Romans-Petit Henri

Publié le par Roger Cousin

Henri Romans-Petit, né Henri Denis Jean-Marie Petit le 13 février 1897 à Firminy et mort le 1er novembre 1980 à Ceignes, est un résistant français de la Seconde Guerre mondiale. Il organisa plusieurs maquis : ceux de l’Ain et du Haut-Jura, et ceux de Haute-Savoie.

Romans-Petit HenriRomans-Petit Henri

Henri Petit naît le 13 février 1897 à Firminy dans la Loire. Engagé volontaire en juillet 1915, il est affecté au 13e bataillon chasseurs alpins de Chambéry. Il commence la guerre dans l'infanterie et reçoit le baptême du feu en janvier 1916. Sa conduite exemplaire lui vaut d'être cité à l'ordre du bataillon, puis nommé caporal et assez vite sergent. Il est ensuite désigné pour suivre le cours d'élève officier à Saint-Cyr. À sa sortie, il choisit de rejoindre l'aviation à la BR 127, une escadre de bombardement. Il y gagne ses galons d'aspirant puis de sous-lieutenant. Démobilisé en 1918, il termine ses études de droit et intègre un groupe de presse dont il devient agent général régional.

Il est mobilisé en 1938, puis à nouveau en 1939 comme capitaine de réserve et on lui confie le commandement des bases aériennes de Nice et Cannes. À l'armistice du 22 juin 1940 il échoue dans sa tentative de rejoindre la France libre à Londres, le Potez dont il compte s'emparer pour gagner l’Angleterre ayant été placé sous la surveillance des gendarmes à la suite d'une indiscrétion commise par l'un de ses trois compagnons d'évasion. Il demande alors à être démobilisé et regagne Saint-Étienne, où il entre en relation avec le réseau L'Espoir rattaché à Franc-Tireur. On le charge de repérer les terrains pour les parachutages autour de Lyon. « Je suis sûr que beaucoup d'entre vous comprennent aujourd'hui la signification du mot « Patrie ». Non, la guerre n'est pas finie… » — Message du capitaine Henri Petit le 22 juin 1940 aux militaires placés sous ses ordres à la base de Cannes.
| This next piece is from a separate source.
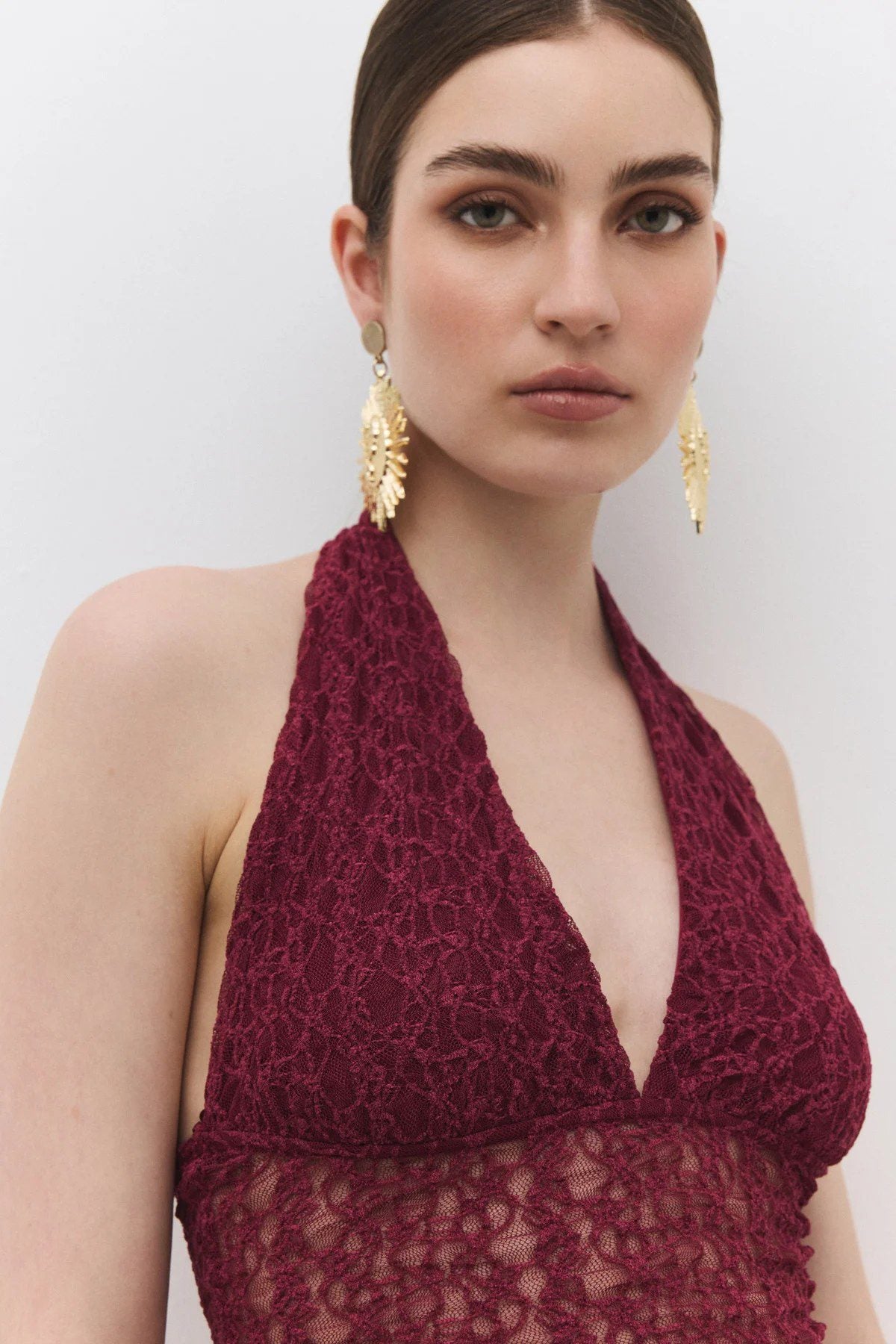 Crop-Bluse mit Spitzenhalter und Bindeband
Il organise à la fin de l'année 1942 les maquis de l'Ain et du Haut-Jura et acquiert durant cette période le nom de résistant Romans par Julien Roche qui lui confectionne une fausse carte d'identité le 9 juin 1943. Il conservera ce nom après la guerre pour se faire appeler Henri Romans-Petit. Durant l'été 1943, Romans-Petit est d'ailleurs nommé chef des maquis de l'Ain, puis chef départemental de l'Armée secrète, succédant à ce poste à Bob Fornier qui a été arrêté. Il défile, le 11 novembre 1943, dans la ville d'Oyonnax, à la tête de ses maquisards. Ce haut fait décide les forces anglaises et françaises de Londres, jusqu'alors réticentes, à parachuter des armes pour les maquisards français, qui en étaient jusqu'alors quasiment privés. Il organise les débuts des Maquis en Haute-Savoie et en confie le commandement à Tom Morel afin de se dédier totalement aux maquis de L'Ain. Au cours de l'été 1944, il installe une véritable administration civile à Nantua et fait paraître La voix du maquis.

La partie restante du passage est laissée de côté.